[[ Listed records open ]]
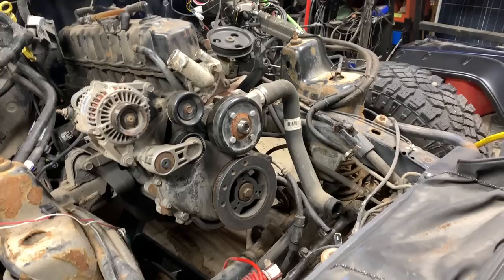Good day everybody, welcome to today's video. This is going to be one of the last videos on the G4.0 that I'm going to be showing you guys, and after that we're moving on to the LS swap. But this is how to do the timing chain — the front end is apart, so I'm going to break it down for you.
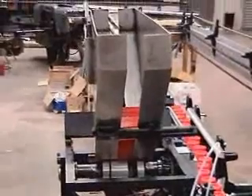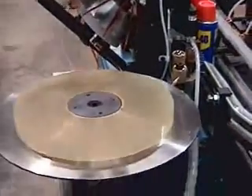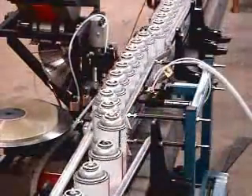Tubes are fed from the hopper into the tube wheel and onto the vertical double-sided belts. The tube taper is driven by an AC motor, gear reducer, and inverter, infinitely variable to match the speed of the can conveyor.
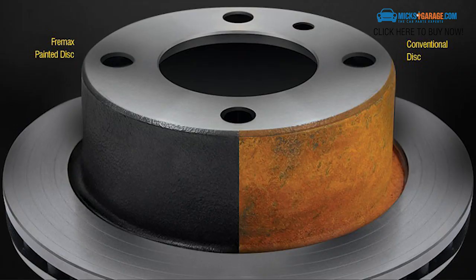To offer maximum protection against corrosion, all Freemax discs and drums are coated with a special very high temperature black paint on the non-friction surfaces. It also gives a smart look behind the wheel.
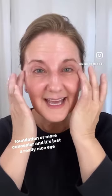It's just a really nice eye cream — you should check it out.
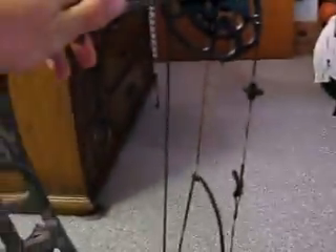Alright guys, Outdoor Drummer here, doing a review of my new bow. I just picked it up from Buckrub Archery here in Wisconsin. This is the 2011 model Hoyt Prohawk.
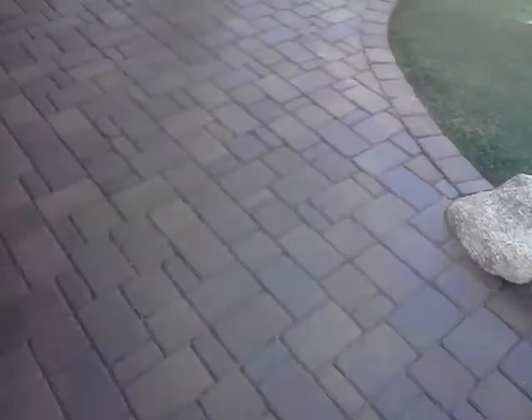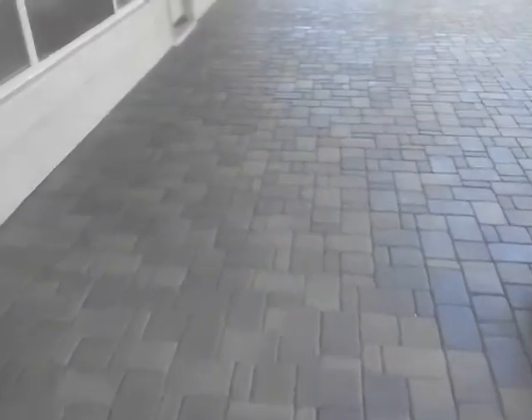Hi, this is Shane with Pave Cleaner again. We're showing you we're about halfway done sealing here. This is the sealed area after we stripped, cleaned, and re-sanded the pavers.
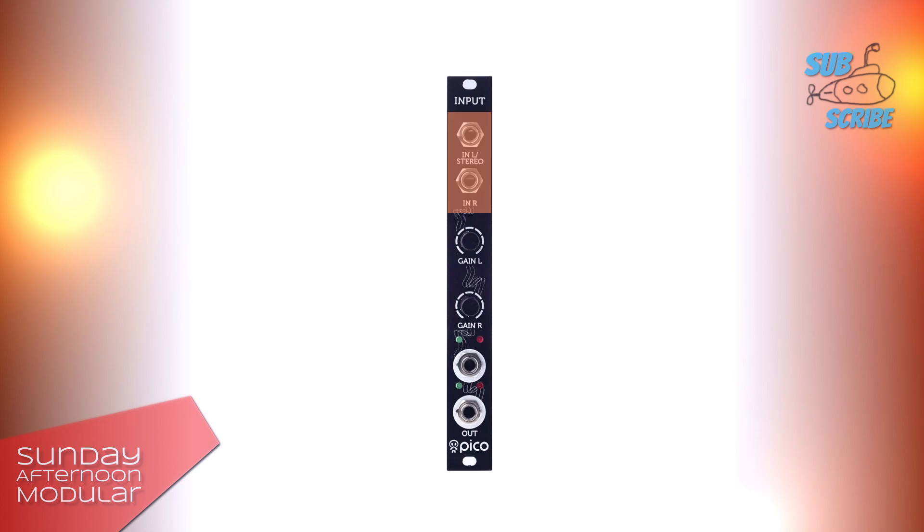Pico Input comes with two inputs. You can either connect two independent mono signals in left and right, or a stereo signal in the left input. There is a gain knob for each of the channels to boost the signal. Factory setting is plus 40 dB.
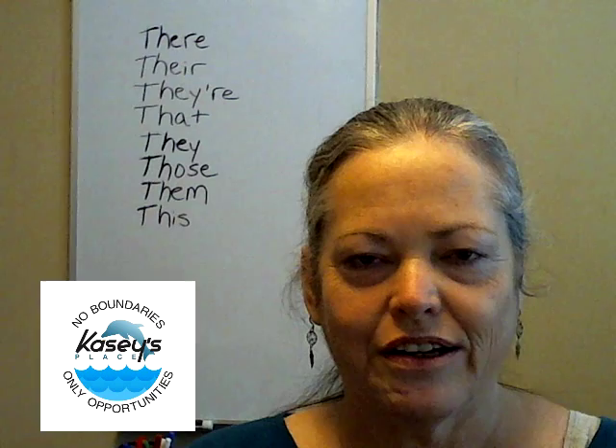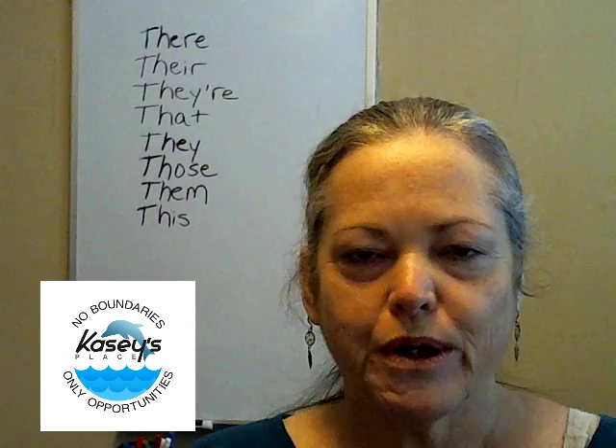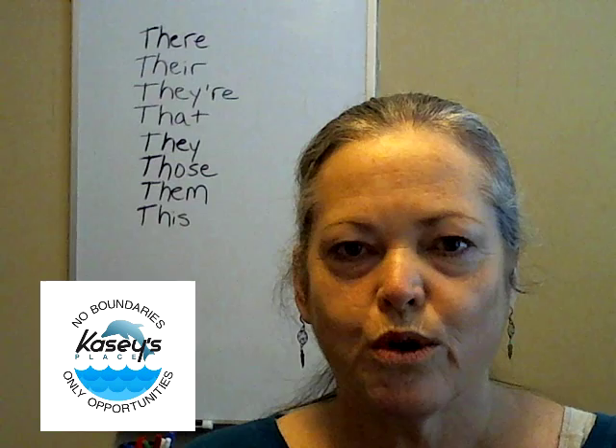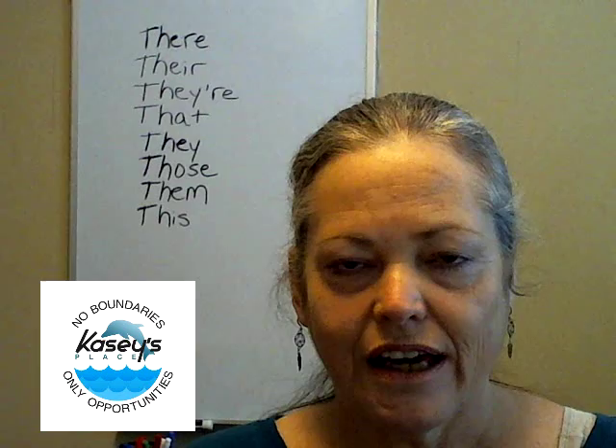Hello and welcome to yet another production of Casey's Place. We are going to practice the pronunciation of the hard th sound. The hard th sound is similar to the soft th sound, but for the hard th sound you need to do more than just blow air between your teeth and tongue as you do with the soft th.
[[ Listed records closed ]]
*Problem:* Write the lines above out again exactly, excluding every picture.

*Exercise result:*
Good day everybody, welcome to today's video. This is going to be one of the last videos on the G4.0 that I'm going to be showing you guys, and after that we're moving on to the LS swap. But this is how to do the timing chain — the front end is apart, so I'm going to break it down for you.
Tubes are fed from the hopper into the tube wheel and onto the vertical double-sided belts. The tube taper is driven by an AC motor, gear reducer, and inverter, infinitely variable to match the speed of the can conveyor.
To offer maximum protection against corrosion, all Freemax discs and drums are coated with a special very high temperature black paint on the non-friction surfaces. It also gives a smart look behind the wheel.
It's just a really nice eye cream — you should check it out.
Alright guys, Outdoor Drummer here, doing a review of my new bow. I just picked it up from Buckrub Archery here in Wisconsin. This is the 2011 model Hoyt Prohawk.
Hi, this is Shane with Pave Cleaner again. We're showing you we're about halfway done sealing here. This is the sealed area after we stripped, cleaned, and re-sanded the pavers.
Pico Input comes with two inputs. You can either connect two independent mono signals in left and right, or a stereo signal in the left input. There is a gain knob for each of the channels to boost the signal. Factory setting is plus 40 dB.
Hello and welcome to yet another production of Casey's Place. We are going to practice the pronunciation of the hard th sound. The hard th sound is similar to the soft th sound, but for the hard th sound you need to do more than just blow air between your teeth and tongue as you do with the soft th.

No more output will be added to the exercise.